I do hope Ramps and Goughie entertained the crowd with a foxtrot before play started and a waltz during the lunch break - with each other, naturally.
When watching him bat for England, one longed for Ramprakash to throw-off the self imposed mental shackles and take the attitude of "Bollocks, it's a game not life and death." Like Lathwell, he was gloriously talented, but that apparent mental fragility denied us the sight of a great, free-flowing England batsman, regularly destroying international attacks. Sad.
Sad? - no. But it is certainly interesting.
What would we have talked about all these years.
Well, Patricia, I'm certainly with you in terms of the interesting converstion we can have about how things are rather than what might have been, but I remain sad that I can't engage in discussion about an imperious Ramps at Test level.
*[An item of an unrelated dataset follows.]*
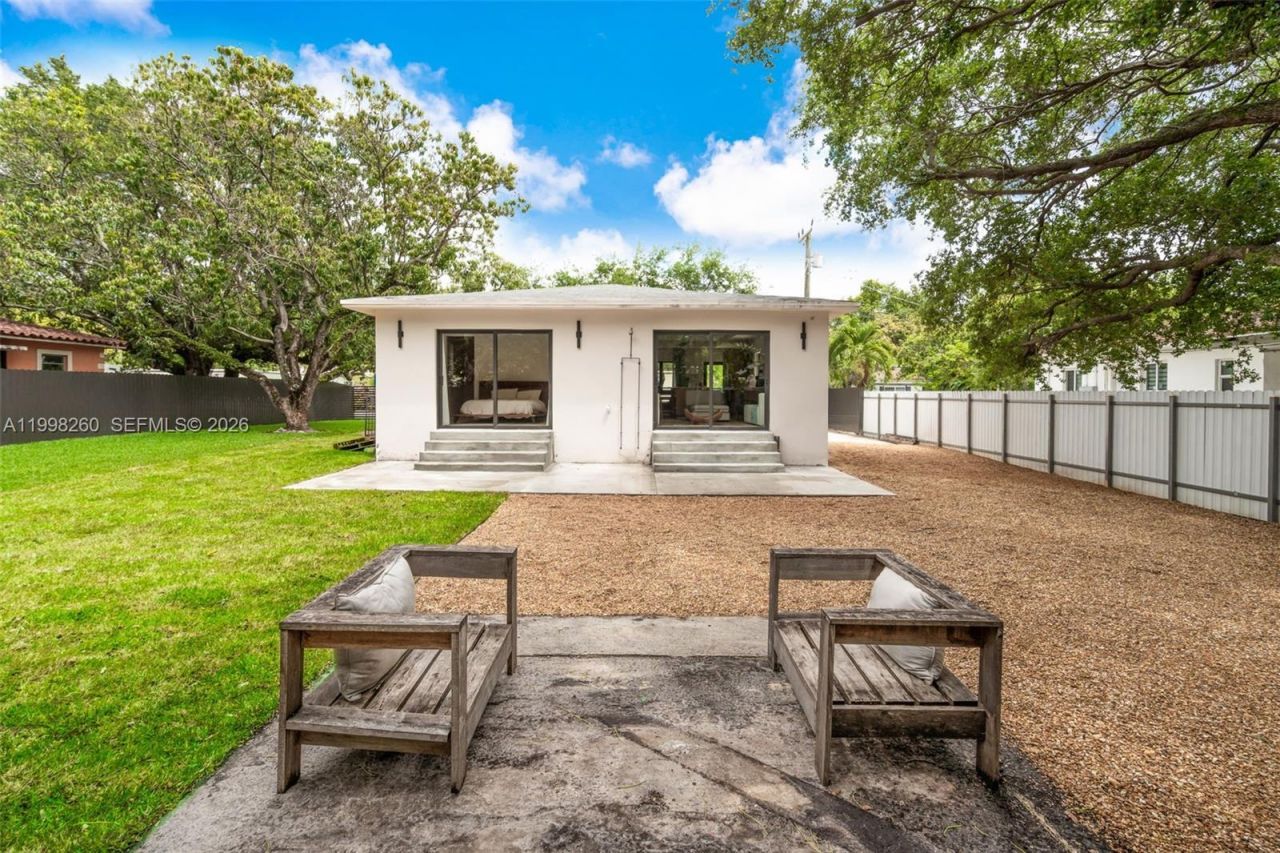 5510 NW 1st Ave, Miami, FL 33127 Photo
If only I could say: "What about that double hundred at Edgbaston in 2005? The timing of those three straight sixes into the pavilion off Lee will stay in the memory forever, and the way he danced down the wicket to Warne....." I'm sure the talent was there to play just like that.
Great post. Perhaps most people wouldn't call Ramps a true 'great', to use a too oft applied word, but he is nonetheless my favourite player by far. I can't think of another batsman I would rather watch or have got more pleasure from watching, and that - to me at least - makes him a great player. It's also the finest compliment I can bestow.
on the international stage, there were some cameos - the Ashes tour of 98/99, the 5th test in 2001 when he was head and shoulders above the other English batters, even playing Warne in the way that old-fashioned batters used to play spinners before the bad-pad block became the fashion in England.